Ok well after some research , talking to people, I have come up with an awaurium set up/ stock. Im going to get a 20 Gallon long and I will probally get an oversized filter( a 40 gallon)
3 -Killis( NO clue on species.. maybe Fundulopanchax gardneri )
3 -Kuhlii Loaches
1 -Albino( long finned if possible) Bristlenose Pleco
2 Scarlet Badis (_Dario Dario_)
3-4 -Harlequinn Rasbora
2 - Apistogramma

Im not sure if the tank will be over stocked, and the apistogramma is a maybe as most sites say they are hard to keep so maybe later. Do you think this will work?

I was thinkink about getting a rainbow dartfish but I couldnt find much info on them...


----------



## judya (Jan 23, 2005)

I'll take this individually - Kuhlii loaches - interesting, but you really won't see them very often - they hide in the substrate area.
Badis Badis - IMO a less hardy fish. They and the apistogrammas will occupy the same bottom area of the tank.
Bristlenose pleco - nice fish - make sure you have some driftwood in the tank for it 
Harlequin - easy fish - you may want a little bigger school
Apistogramma - a bit harder to keep- you might also consider a pair of kribensis instead - if you get lucky on the Apistos you might get a pair and they will breed - same with the kribensis, which are usually sexable, even in the store - the female krib has red on the belly, the male longer and leaner, with longer fins
Killies - fine - make sure there is a tight cover - many top swimming fish jump out of tanks.

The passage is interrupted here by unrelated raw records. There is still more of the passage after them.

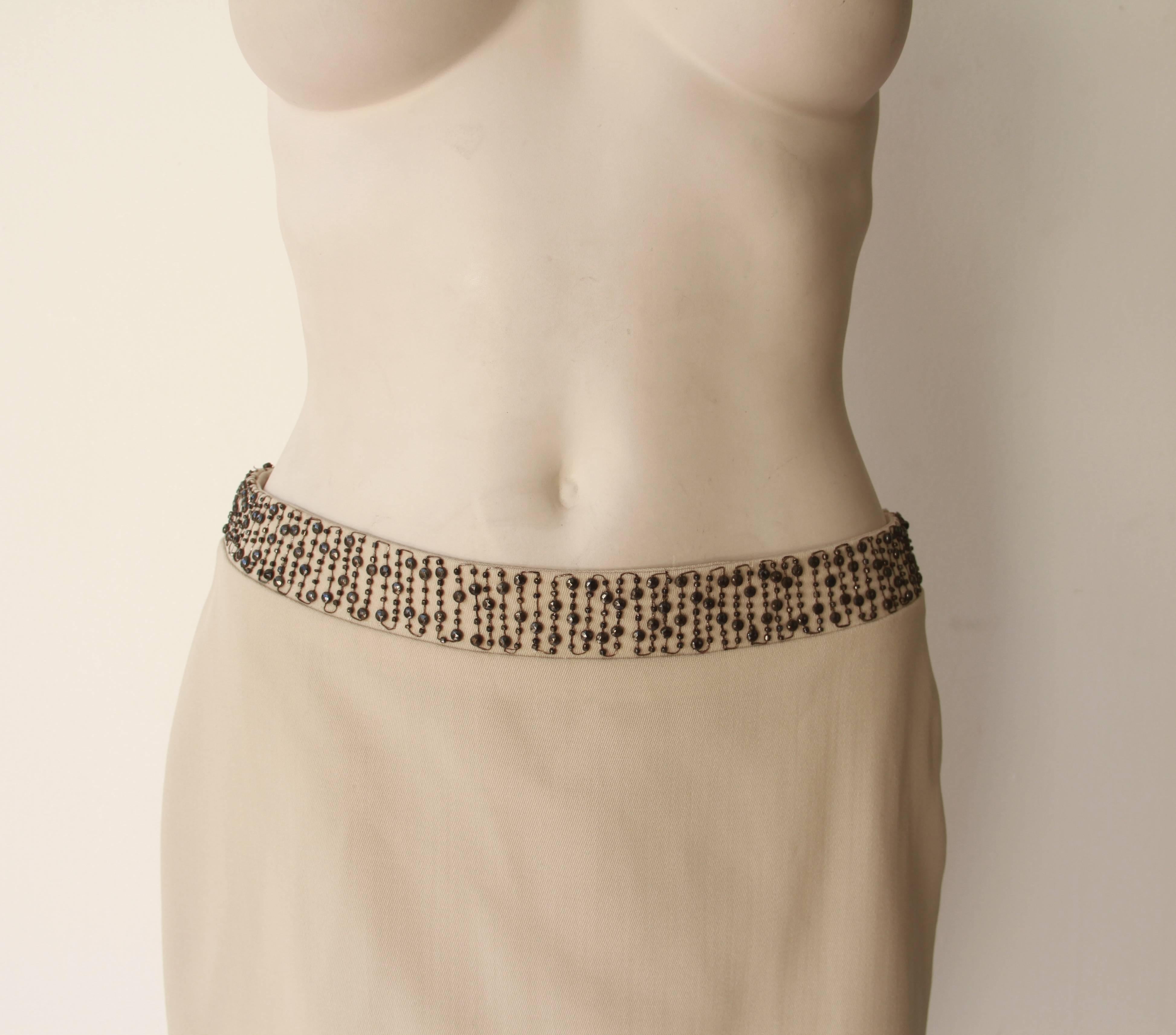 Gianni Versace micro mini skirt, featuring a beaded waistband from the Spring 1998 collection.

Marked an Italian size 42. However, please note that the skirt runs small and the fit is closer to an Italian size 40.

Manufacturer - Alias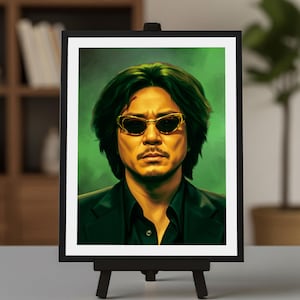 May include: A framed digital portrait print featuring a person with dark, messy hair and a light scar on their forehead. They are wearing gold-rimmed sunglasses and a dark collared shirt under a dark blazer, set against a vibrant green background.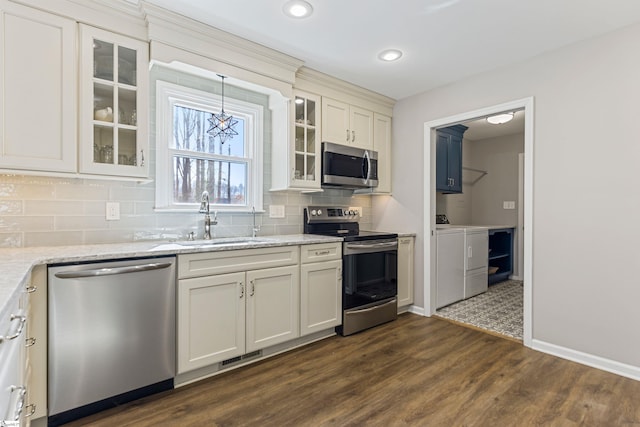 kitchen featuring sink, dark hardwood / wood-style flooring, stainless steel appliances, washer and clothes dryer, and backsplash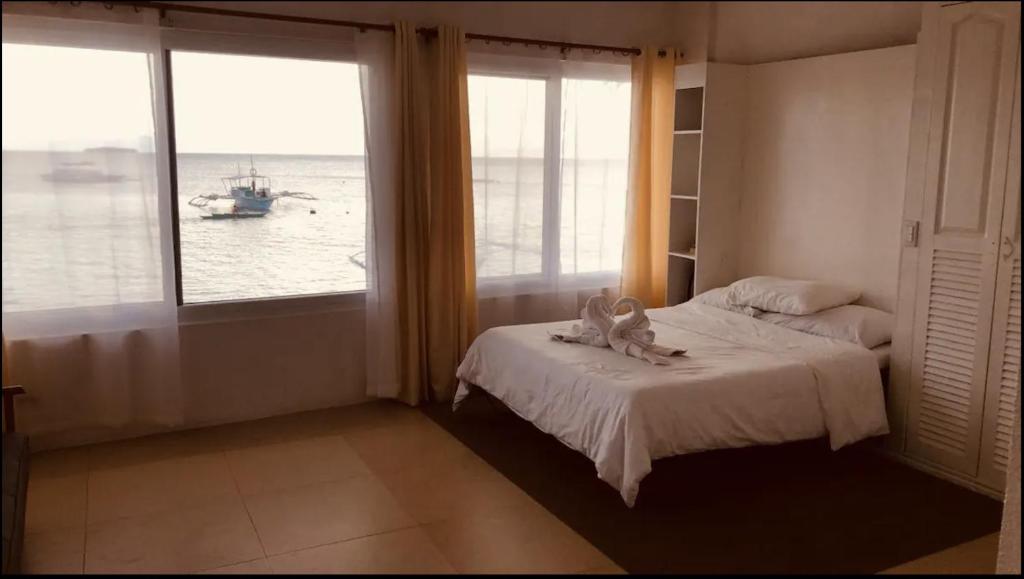 - une chambre avec un lit et une vue sur l'océan dans l'établissement Mariana Guesthouse 1 in Panagsama Beach, à Moalboal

The tankmates you are describing are heavy on fish that are more bottom area - the badis, the bristlenose, the apistos, the kuhlii
Also this is going to be overcrowded
If you want the apistos, wait until the tank is well-established - several months - before adding them, as they are more sensitive to ammonia, and nitrite. They also prefer a lower pH. You may want to test your water and see what you have
I'd recommend starting with the bristlenose, the harlequin, and perhaps the killies, and holding off on the other three species until you give the tank (and your fishkeeping skills) plenty of time to settle and get over the cycling.


----------



## Zoe (Feb 26, 2006)

The species he wants is Dario Dario, which is perfectly hardy. The females are much less hardy, mind you, and in my experience, 1 out of 3 will die within a month. I have no yet experienced a death among the males.

I would skip the kuhli's... they get pretty big and while you could probably pull it off, it's a shame to lose so much bioload to something you will rarely see.

Same goes for the pleco, IMO... you won't see your bristle nose very much, and a pleco in a 20 gallon tank is pushing it. They are very high waste animals - but if you like plecos particularly, go for it. I'd recommend you get a few cories instead.

I'd recommend going with something like this:

2 apistos
4 dario dario 
6 harlequin rasboras
4 top-dwelling killis
a dozen red cherry shrimp

That's bringing your numbers down a bit, but if you have two apistos, they can get awfully cranky while spawning, so you need to leave them with enough room.


----------



## MaelStrom (Jun 24, 2007)

Thanks! Zoe, you list sounds great! I just saw some cherry reds in a fish magazine and I thought they look awesome! The cherry red shrimp will clean up the tank right? I know they eat algae so should I get like a cory also or will the shrimp eat up the extra food also?


----------



## Zoe (Feb 26, 2006)

I wouldn't expect the shrimp to do too much cleaning... they will pick at algae and detritus, but my shrimp always rush out when I feed my fish. They like a variety of foods but they seem to prefer sinking pellets.
Cories will not eat algae, and if you have apistos and dario dario (both bottom-dwelling fishies), you wouldn't have room for cories.

You could defintely get a couple cories if you really like them, but I wouldn't bother with them.

If you have serious algae issues, a bristlenose pleco or an SAE will help, but IMO they aren't worth the bio-load and waste they produce... Nothing replaces regular water changes and a good algae brush


----------



## Guest (Jul 5, 2007)

corries and apistos may eat cherry shrimp IME


----------



## Apotheosis (Jul 2, 2007)

Yea, I'd be wary about the shrimp being eaten in that combo. Cherry shrimp are beautiful, but I don't know if I would risk it if I were you. I like Zoe's list, but maybe consider a bristlenose pleco instead of shrimp.


----------



## Guest (Jul 7, 2007)

yeah i breed LF albino BN plecos


----------



## Guest (Jul 7, 2007)

if you really want shrimp, try it with some ghost shrimp first. they are aboiut the sme size a cherry shrimp and are alot cheaper. the nost expensive i have aver seen them was 59 cents each. if these live in your tank and aren't getting eaten, i say go for the cherry shrimp but always ecpect some to be eaten.


----------